◆ MATERIAL PROVIDED:
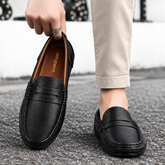 Men's Black Penny Loafers-Natural Pebble Grain Leather Moccasin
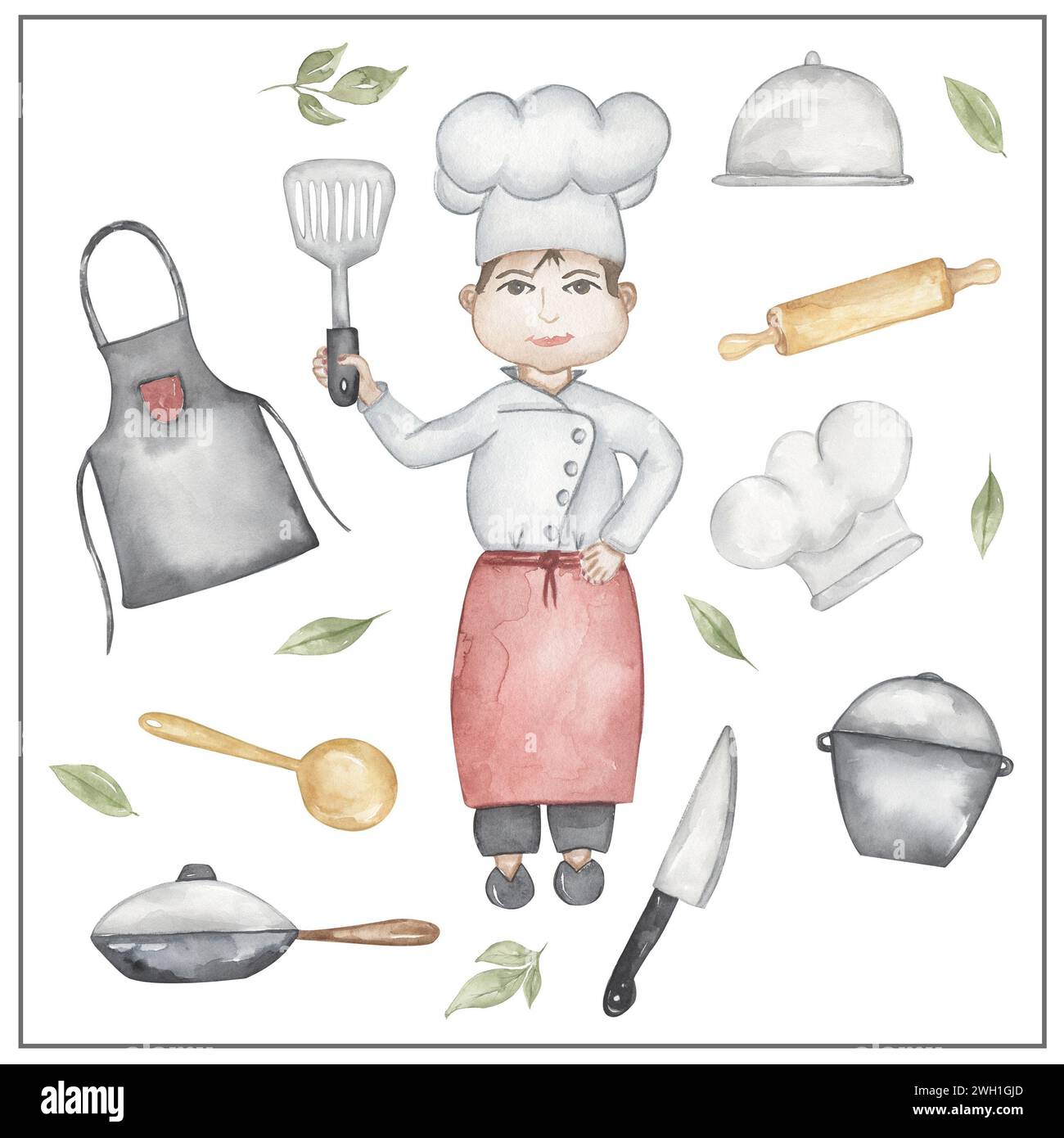 Aquarellkoch Clipart, handgezeichnete Küchenutensilien Illustration. Mann-Kocher, der an der Küche arbeitet, Kinder-Schulkarten-Clip-Art, lehrreiches, süßes Chi Stockfoto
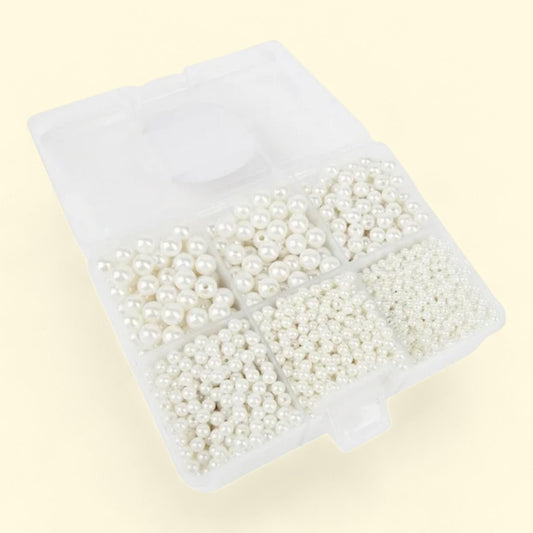 Cousin DIY White Faux Pearl Mix, 615 pcs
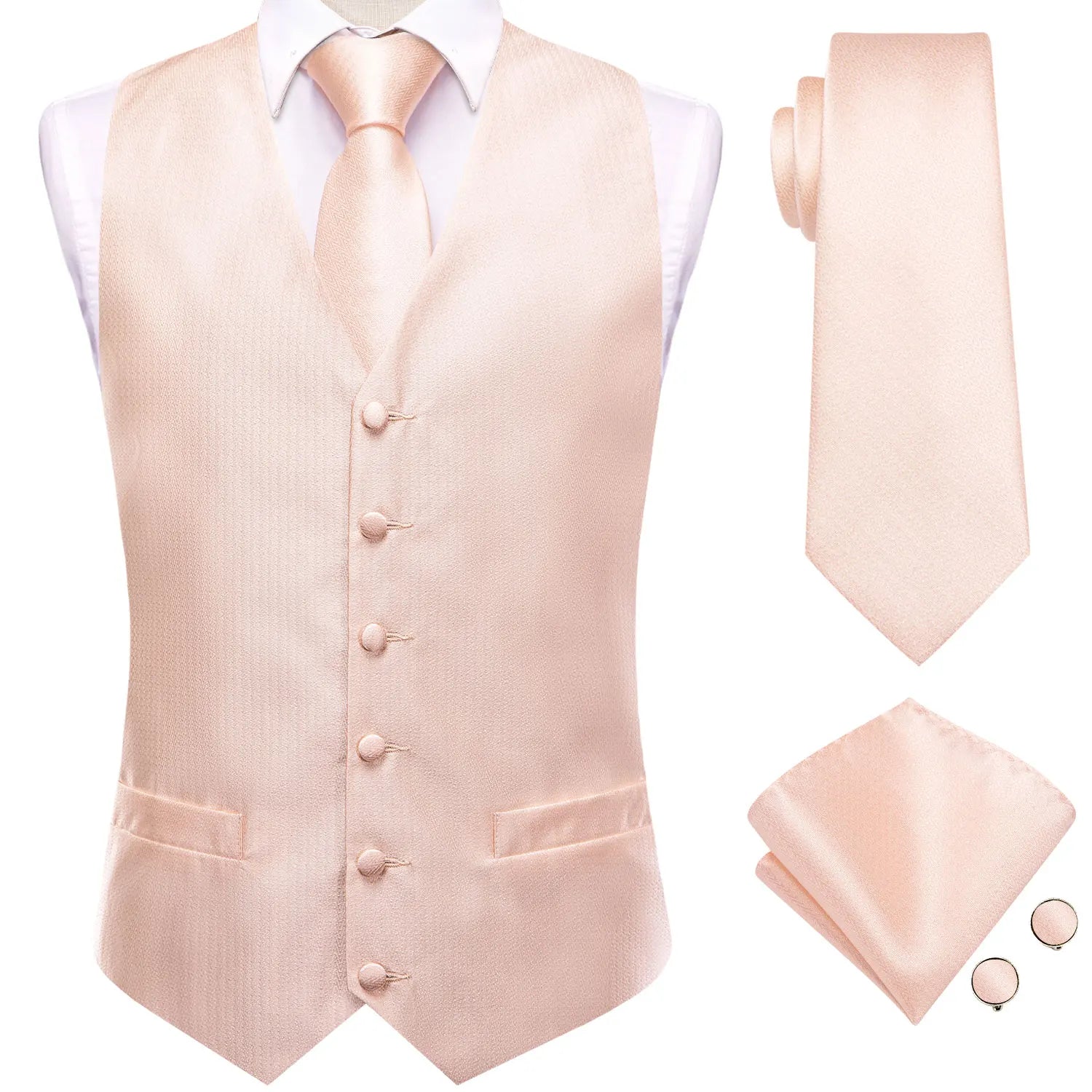 Gilets de costume en soie Hi-Tie pour homme, 4 pièces, tissés, vert sauge uni, gilet, cravate, pochette, boutons de manchette, pour affaires, mariage, robe, veste de taille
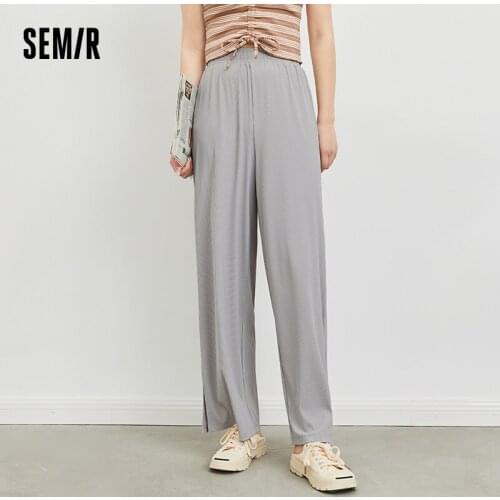 SEMIR Casual Trousers Women Stretch Knitted Loose Wide-Leg Pants Elastic Waist Vertical Strip 2021 Summer New Style Hip Hop Pant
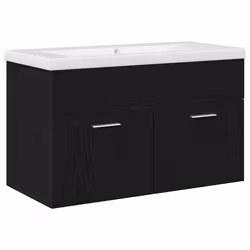 vidaXL Armadio sottolavello con porta Rovere Nero 80 x 38.5 x 46 cm - Vista aggiuntiva 2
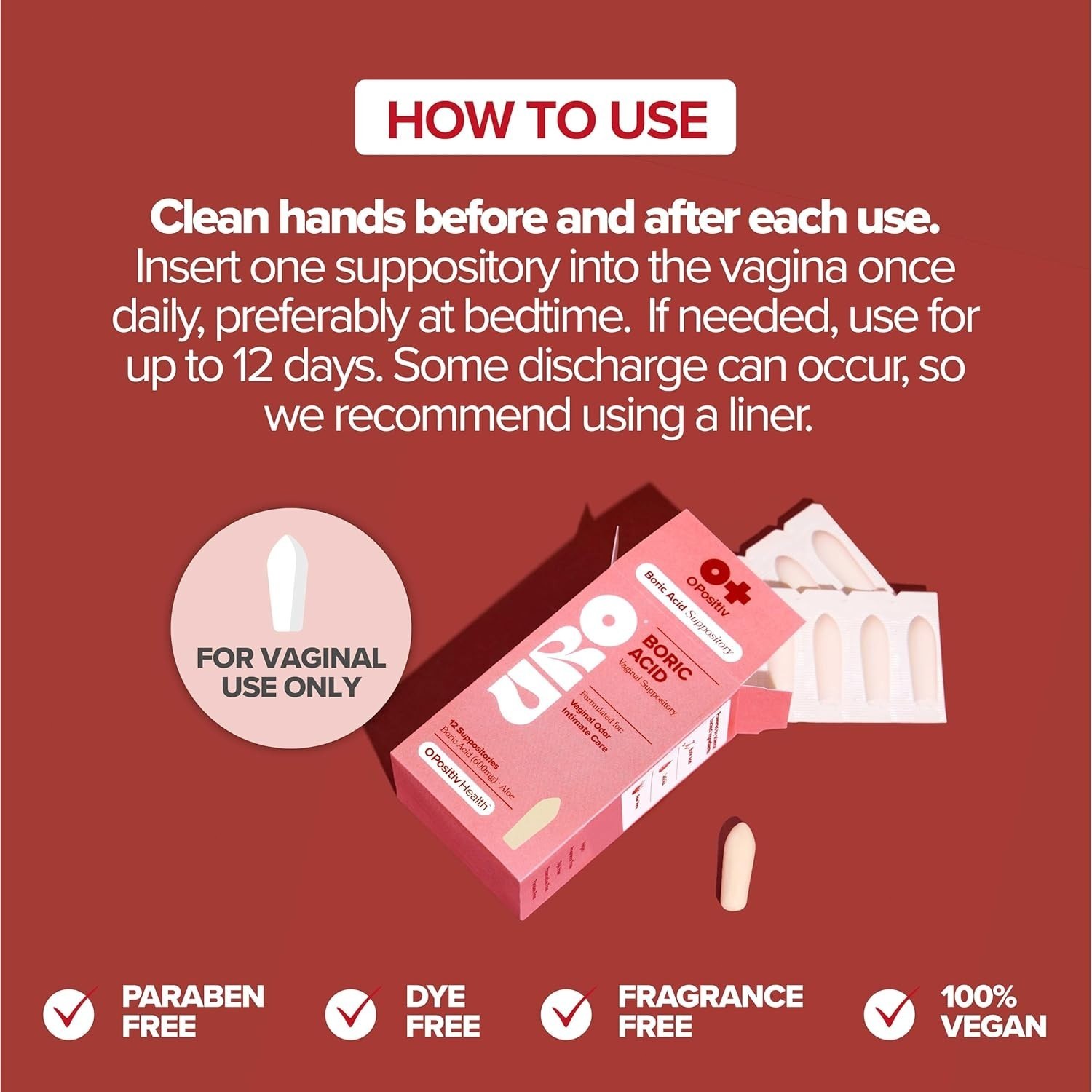 URO – Boric Acid Vaginal Support Acid & Aloe For Vaginal Odor, 12 Ct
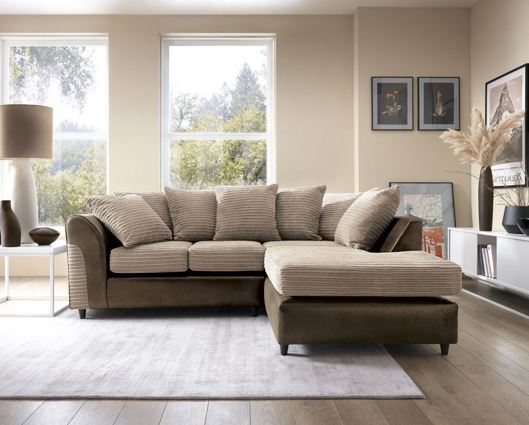 Harley Right Hand Facing Corner Sofa - Brown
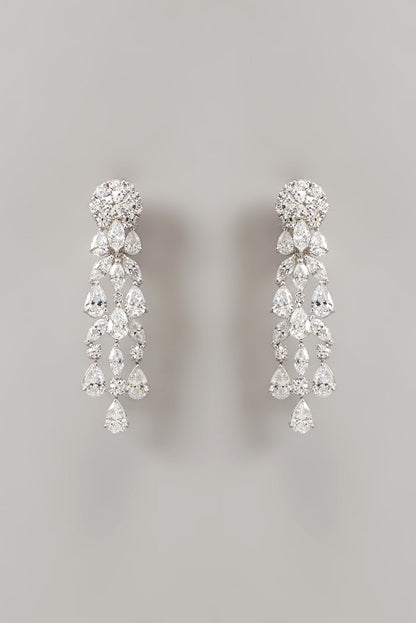 White Finish Swarovski Zirconia Chandelier Earrings In Sterling Silver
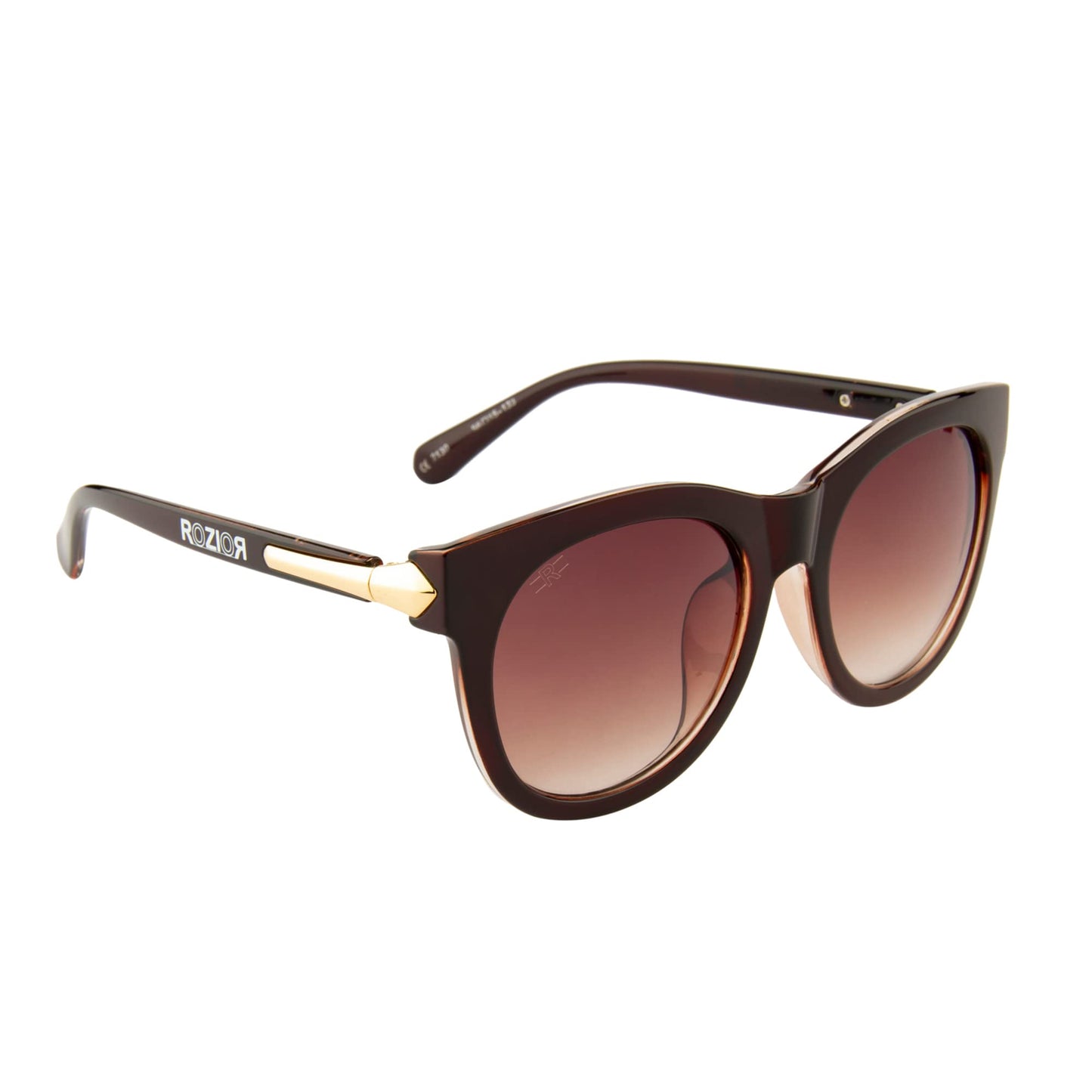 Side profile of ROZIOR women's cat eye UV400 sunglasses with lightweight brown frame and brown lenses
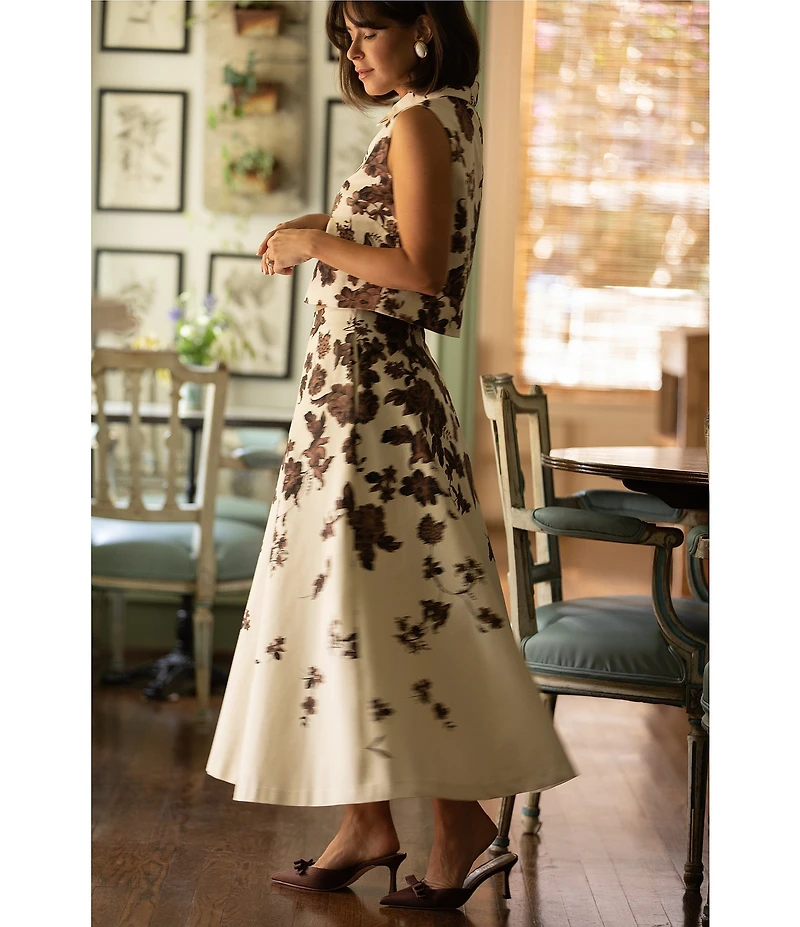 Antonio Melani x Style Bungalow Chintz Floral Canvas Side Pocket A-Line Skirt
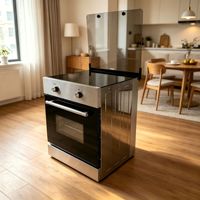 Cuisinière autonome à gaz et électrique 4 brûleurs en acier inoxydable 80L avec double porte en verre trempé et protection contre la surchauffe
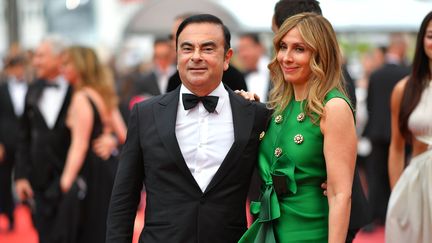 Carlos Ghosn et son épouse Carole Ghosn, le 26 mai 2017 au Festival de Cannes. (LOIC VENANCE / AFP)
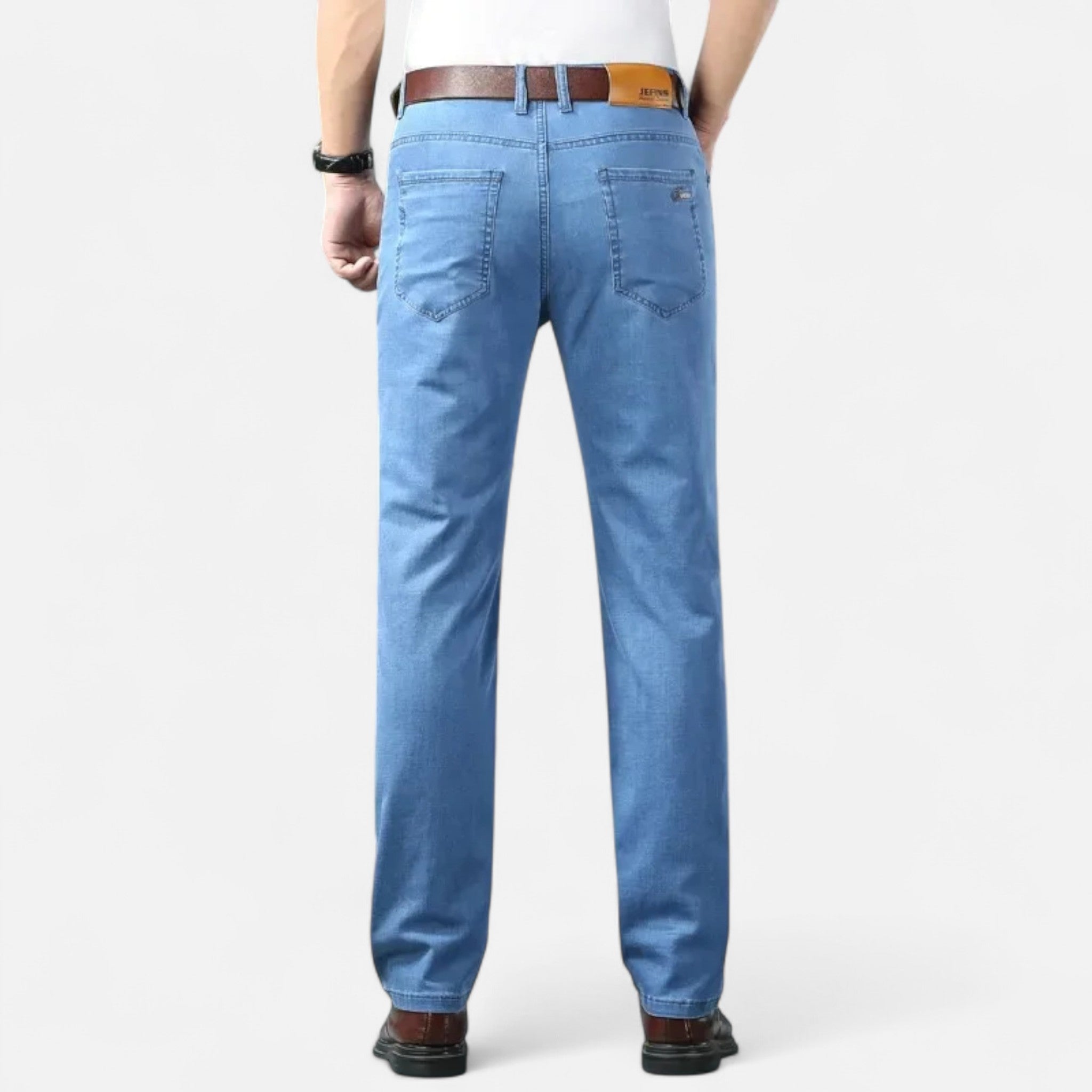 Ancienne Monde | Calças Direitas em Denim Leve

◆ PROBLEM STATEMENT:
Within the data above, repeat exactly the lines from the one bearing "Aquarellkoch Clipart, handgezeichnete" through the one bearing "Cousin DIY White Faux Pearl Mix, 615 pcs". Include no pictures and nothing else.

◆ FINISHED TASK:
 Aquarellkoch Clipart, handgezeichnete Küchenutensilien Illustration. Mann-Kocher, der an der Küche arbeitet, Kinder-Schulkarten-Clip-Art, lehrreiches, süßes Chi Stockfoto
 Cousin DIY White Faux Pearl Mix, 615 pcs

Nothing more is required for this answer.